═════ Provided material ═════
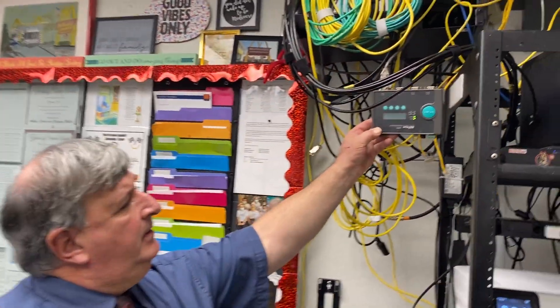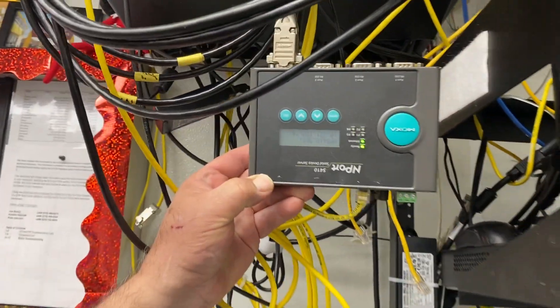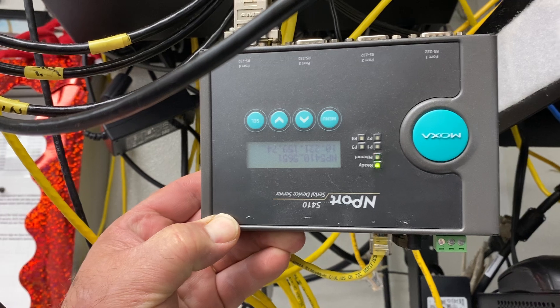Once that comes back online, if it doesn't restore communication, you're going to come back here to what's called the Moxa Hub, which Joe is holding right now. One of the main issues you just want to check is if the lights are on and flashing.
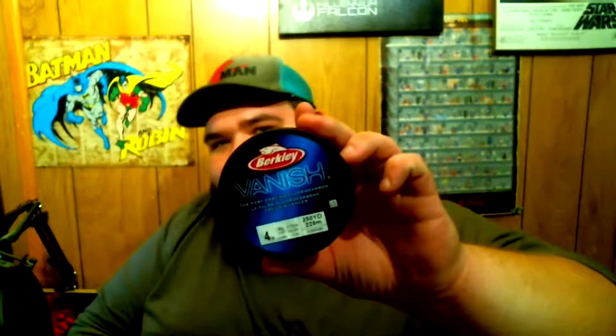These are absolutely awesome — they will catch a fish. For line, I use 8 or 10 pound fluorocarbon. This is a Berkeley Vanish and it works really, really good. I like it. There are also other ways you can set this up.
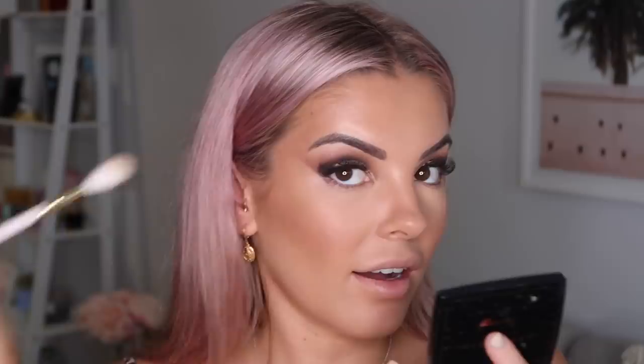I like to put highlighter here on the cheekbone area, on the tip of my nose and up, above my lip on the Cupid's bow, and pretty much all over my lips - just looking at where the skin is already glowing and emphasizing that.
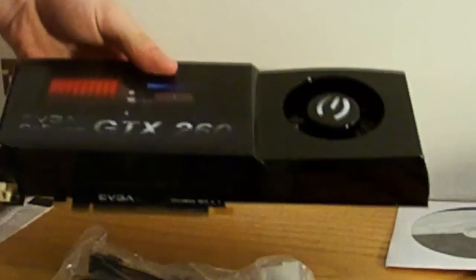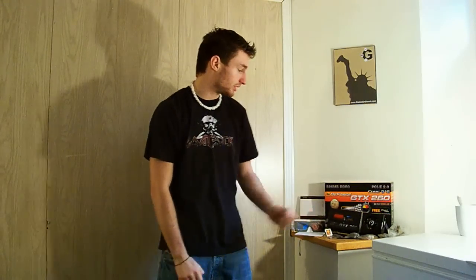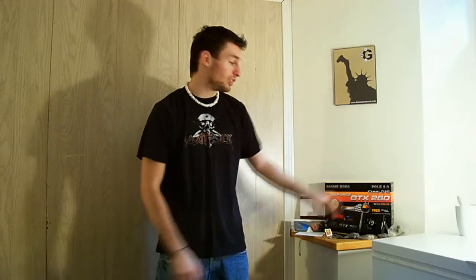Alright, now that was the unboxing — you got all the components there. Let me try to explain the difference between the GTX 260 and the GTX 280.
═════
**Exercise brief:** Copy exactly the lines running from the line with "I like to put" to the final line of the listing, keeping both ends and dropping any picture.

**Expected answer:**
I like to put highlighter here on the cheekbone area, on the tip of my nose and up, above my lip on the Cupid's bow, and pretty much all over my lips - just looking at where the skin is already glowing and emphasizing that.
Alright, now that was the unboxing — you got all the components there. Let me try to explain the difference between the GTX 260 and the GTX 280.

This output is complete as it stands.